Each project's workflow is a directed graph of statuses and transitions with conditions (who can trigger this), validators (what must be true), and post-functions (what happens after). The engine enforces this graph on every status change: check conditions → run validators → update status → run post-functions. This must be transactional — if a post-function fails (e.g., can't notify Slack), you want the status update to still commit (post-functions are typically best-effort) but not the reverse. Optimistic locking on issue.version prevents two concurrent transitions from both thinking they're starting from the same state.

Permissions: the query-time filter nightmare

Jira has a complex permission model: project-level roles, issue-level security schemes, component-level access. Every search result must be filtered by what the calling user can see. Enforcing this in Elasticsearch means either denormalizing permissions into each document (update every issue document when a permission scheme changes — expensive) or post-filtering results (fetch more than needed, filter in app, return top-k — inconsistent pagination). Jira historically uses a mix: broad ES query + Java-side permission check on results, which means page sizes are unpredictable.
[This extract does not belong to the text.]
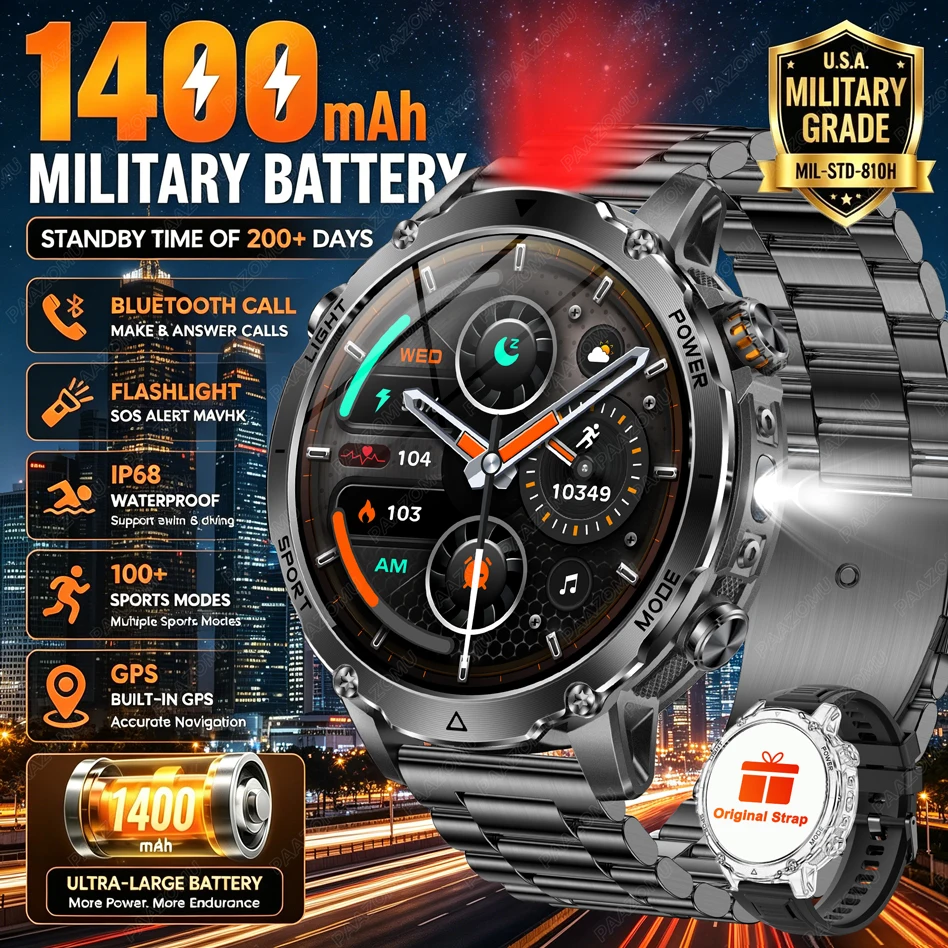 Smartwatch Watches Brands For Men - Reloj inteligente con batería grande de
Audit log and changelog: append-only history

Every field change is written to a changelog table (issue_id, field, old_value, new_value, changed_by, changed_at) — this is append-only and grows without bound. On a large active issue this table can have thousands of rows. Pagination is mandatory when fetching history; storing old/new values as text works for strings but breaks for user references if display names change (store user_id, resolve on display). The changelog is not indexed for search — it's accessed by issue ID only.

What breaks at scale

Elasticsearch index lag is the most common support ticket: an issue was just updated but doesn't appear in JQL results for 3–10 seconds. Schema migration on JSONB custom fields is painful — adding a new field type to millions of existing issues requires a background migration that takes hours and blocks indexing. The nastiest failure is permission denormalization drift: when a project's permission scheme changes, all issue documents in Elasticsearch must be re-indexed with updated permission metadata — at 10M issues that's a multi-hour reindex during which permission changes are inconsistent in search results.

In production

Jira Cloud (Atlassian) runs on a multi-tenant architecture where each workspace (site) maps to a logical partition in sharded Postgres for structured data and a per-tenant Elasticsearch index for search. Custom fields are stored as JSON columns (JSONB in Postgres) rather than EAV tables after Atlassian's internal migration circa 2018–2020 — JSONB gives indexability on specific keys without the join explosion of EAV. The real challenge is workflow engine consistency at scale: a workflow transition must validate conditions, execute validators, and fire post-functions (e.g., auto-assign, send notification) atomically with the state update. At high concurrency (CI pipelines mass-transitioning issues), optimistic locking on the issue version number prevents lost updates without serializing all writes.